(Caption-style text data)
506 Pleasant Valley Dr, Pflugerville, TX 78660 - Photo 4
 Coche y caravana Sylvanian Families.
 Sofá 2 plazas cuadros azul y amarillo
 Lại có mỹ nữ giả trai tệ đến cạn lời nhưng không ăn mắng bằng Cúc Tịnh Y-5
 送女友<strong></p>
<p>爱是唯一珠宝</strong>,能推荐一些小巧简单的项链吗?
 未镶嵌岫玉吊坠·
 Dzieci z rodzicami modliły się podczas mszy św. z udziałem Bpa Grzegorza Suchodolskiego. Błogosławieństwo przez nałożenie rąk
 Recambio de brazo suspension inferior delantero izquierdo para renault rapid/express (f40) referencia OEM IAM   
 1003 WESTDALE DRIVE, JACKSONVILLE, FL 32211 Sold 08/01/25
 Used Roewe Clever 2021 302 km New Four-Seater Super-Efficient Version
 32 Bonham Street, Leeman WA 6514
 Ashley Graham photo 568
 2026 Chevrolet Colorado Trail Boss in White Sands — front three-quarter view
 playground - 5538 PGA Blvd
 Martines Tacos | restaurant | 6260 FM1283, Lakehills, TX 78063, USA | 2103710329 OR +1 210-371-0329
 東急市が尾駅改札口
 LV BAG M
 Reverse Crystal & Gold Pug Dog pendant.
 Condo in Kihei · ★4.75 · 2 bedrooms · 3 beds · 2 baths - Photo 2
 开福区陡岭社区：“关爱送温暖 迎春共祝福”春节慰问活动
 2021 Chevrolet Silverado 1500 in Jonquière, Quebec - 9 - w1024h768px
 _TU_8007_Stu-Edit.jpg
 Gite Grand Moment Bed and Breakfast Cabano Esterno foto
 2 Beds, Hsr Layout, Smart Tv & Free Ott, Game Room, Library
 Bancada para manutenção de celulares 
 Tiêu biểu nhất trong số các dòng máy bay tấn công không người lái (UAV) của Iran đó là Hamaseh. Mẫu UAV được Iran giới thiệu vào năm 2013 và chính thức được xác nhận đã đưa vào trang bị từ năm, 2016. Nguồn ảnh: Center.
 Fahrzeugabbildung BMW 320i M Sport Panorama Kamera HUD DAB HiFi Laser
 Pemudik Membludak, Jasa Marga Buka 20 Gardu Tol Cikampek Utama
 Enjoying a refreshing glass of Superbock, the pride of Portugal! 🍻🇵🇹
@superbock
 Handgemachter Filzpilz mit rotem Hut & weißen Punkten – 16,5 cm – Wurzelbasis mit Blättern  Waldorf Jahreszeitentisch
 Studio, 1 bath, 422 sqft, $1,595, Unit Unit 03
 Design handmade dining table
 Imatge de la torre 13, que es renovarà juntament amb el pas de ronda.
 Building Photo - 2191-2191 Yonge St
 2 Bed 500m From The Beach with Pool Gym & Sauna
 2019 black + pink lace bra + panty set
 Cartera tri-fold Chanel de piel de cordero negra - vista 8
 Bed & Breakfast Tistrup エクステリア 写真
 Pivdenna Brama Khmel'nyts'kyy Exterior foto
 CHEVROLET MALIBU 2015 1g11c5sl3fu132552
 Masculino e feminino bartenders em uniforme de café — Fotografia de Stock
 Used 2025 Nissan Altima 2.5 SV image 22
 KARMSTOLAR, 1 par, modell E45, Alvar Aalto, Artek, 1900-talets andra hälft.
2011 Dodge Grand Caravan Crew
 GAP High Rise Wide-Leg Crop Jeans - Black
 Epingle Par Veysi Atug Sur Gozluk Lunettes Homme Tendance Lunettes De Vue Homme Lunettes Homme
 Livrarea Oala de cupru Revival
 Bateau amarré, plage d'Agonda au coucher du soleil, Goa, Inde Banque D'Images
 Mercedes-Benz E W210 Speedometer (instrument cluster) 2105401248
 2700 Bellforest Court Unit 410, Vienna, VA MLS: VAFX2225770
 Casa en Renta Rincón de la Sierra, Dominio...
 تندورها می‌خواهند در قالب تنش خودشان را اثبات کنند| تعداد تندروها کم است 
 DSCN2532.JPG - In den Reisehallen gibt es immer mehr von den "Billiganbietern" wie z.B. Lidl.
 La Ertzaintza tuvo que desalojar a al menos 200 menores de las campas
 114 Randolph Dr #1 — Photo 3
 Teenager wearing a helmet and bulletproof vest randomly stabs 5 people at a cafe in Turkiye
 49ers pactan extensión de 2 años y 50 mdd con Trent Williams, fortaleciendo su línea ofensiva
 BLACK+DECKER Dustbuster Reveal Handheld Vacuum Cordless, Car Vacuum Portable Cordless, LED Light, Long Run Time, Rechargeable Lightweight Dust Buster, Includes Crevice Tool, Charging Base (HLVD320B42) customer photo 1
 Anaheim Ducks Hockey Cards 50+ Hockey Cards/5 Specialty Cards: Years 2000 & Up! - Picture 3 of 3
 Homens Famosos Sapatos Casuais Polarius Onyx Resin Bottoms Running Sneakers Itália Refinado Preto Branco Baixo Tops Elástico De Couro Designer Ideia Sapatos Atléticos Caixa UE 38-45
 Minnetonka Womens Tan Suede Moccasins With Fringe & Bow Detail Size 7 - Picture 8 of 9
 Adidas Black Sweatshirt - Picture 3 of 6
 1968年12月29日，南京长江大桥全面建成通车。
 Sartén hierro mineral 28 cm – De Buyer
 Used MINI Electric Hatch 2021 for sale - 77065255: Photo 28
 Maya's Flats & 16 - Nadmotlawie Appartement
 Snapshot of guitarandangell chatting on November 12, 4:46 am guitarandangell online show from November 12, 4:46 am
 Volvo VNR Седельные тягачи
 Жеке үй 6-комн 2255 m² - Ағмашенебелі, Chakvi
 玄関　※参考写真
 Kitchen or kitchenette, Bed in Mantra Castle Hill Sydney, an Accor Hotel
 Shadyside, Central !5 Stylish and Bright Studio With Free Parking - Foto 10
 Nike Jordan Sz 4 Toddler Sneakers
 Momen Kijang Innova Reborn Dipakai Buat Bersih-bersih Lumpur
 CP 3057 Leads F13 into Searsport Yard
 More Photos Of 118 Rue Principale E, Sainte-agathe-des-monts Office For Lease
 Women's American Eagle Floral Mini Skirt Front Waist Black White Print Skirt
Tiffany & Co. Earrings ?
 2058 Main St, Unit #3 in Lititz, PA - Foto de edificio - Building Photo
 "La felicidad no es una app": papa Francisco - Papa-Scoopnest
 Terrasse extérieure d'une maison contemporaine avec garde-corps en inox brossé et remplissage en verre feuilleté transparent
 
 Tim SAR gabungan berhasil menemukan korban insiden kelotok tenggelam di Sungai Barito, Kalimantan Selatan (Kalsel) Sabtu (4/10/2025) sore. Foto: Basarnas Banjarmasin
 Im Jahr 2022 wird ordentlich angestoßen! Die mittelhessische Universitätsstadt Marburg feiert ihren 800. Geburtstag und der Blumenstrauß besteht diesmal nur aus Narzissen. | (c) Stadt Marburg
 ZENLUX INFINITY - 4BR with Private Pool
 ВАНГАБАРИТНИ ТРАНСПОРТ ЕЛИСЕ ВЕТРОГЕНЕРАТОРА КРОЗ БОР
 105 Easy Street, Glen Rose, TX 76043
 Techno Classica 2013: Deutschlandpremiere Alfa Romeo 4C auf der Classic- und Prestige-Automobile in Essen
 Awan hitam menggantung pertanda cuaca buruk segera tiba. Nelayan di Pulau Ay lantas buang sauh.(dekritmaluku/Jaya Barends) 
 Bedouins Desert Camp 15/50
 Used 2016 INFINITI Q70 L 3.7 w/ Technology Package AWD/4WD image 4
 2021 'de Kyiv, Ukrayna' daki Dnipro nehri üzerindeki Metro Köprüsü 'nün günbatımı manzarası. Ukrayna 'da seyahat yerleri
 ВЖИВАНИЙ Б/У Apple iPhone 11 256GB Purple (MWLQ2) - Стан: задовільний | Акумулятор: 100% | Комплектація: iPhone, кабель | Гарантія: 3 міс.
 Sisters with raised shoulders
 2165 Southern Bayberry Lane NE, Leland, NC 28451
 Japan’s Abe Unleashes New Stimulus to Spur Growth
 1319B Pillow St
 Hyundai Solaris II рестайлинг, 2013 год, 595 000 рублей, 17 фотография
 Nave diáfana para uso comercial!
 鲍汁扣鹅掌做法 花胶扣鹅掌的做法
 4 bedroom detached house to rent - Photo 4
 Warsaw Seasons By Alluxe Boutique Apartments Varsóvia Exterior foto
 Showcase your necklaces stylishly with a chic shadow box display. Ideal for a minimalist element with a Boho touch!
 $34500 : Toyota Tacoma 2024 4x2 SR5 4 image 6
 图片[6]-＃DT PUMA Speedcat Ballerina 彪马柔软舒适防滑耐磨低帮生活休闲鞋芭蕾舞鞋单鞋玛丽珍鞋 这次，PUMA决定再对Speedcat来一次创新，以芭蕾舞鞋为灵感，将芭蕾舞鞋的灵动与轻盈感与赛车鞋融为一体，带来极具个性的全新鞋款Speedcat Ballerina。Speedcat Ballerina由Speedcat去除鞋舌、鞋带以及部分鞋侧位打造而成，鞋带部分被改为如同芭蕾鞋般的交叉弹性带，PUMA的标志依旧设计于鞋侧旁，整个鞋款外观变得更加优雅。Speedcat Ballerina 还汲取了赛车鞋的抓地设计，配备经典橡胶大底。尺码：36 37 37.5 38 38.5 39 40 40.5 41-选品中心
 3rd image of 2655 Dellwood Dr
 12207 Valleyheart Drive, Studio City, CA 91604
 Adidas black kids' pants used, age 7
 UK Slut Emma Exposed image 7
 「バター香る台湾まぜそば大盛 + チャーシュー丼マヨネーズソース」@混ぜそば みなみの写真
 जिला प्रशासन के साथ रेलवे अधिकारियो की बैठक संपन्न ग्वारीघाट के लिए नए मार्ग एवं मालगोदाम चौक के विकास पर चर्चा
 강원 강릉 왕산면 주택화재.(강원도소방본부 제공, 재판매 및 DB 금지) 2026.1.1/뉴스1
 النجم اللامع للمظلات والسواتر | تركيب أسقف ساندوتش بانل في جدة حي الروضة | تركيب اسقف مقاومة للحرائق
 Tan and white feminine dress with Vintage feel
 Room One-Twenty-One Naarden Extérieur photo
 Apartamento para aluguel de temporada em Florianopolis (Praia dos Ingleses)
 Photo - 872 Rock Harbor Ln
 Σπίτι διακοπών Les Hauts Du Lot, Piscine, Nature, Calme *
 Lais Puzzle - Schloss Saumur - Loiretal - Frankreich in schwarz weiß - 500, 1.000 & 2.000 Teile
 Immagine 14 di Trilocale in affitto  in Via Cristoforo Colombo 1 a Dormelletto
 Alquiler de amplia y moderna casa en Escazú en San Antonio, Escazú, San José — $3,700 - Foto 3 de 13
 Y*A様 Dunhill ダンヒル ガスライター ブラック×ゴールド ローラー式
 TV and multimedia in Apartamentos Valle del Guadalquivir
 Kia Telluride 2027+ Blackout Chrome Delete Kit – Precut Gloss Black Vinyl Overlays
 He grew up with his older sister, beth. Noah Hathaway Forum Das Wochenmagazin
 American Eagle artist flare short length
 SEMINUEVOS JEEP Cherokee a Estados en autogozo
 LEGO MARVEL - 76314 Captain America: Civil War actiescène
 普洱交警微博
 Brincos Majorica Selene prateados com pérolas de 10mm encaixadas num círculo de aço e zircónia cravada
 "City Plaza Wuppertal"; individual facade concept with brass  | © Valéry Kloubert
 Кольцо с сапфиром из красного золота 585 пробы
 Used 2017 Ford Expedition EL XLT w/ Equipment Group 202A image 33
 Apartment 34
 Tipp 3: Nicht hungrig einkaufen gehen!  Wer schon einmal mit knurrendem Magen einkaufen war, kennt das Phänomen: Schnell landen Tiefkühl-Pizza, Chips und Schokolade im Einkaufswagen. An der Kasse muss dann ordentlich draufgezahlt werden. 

#### Aim of the exercise
The required output is the stretch of entries above from the line containing "La Ertzaintza tuvo" through the line containing "Teenager wearing a", reproduced exactly.

#### The completed task
 La Ertzaintza tuvo que desalojar a al menos 200 menores de las campas
 114 Randolph Dr #1 — Photo 3
 Teenager wearing a helmet and bulletproof vest randomly stabs 5 people at a cafe in Turkiye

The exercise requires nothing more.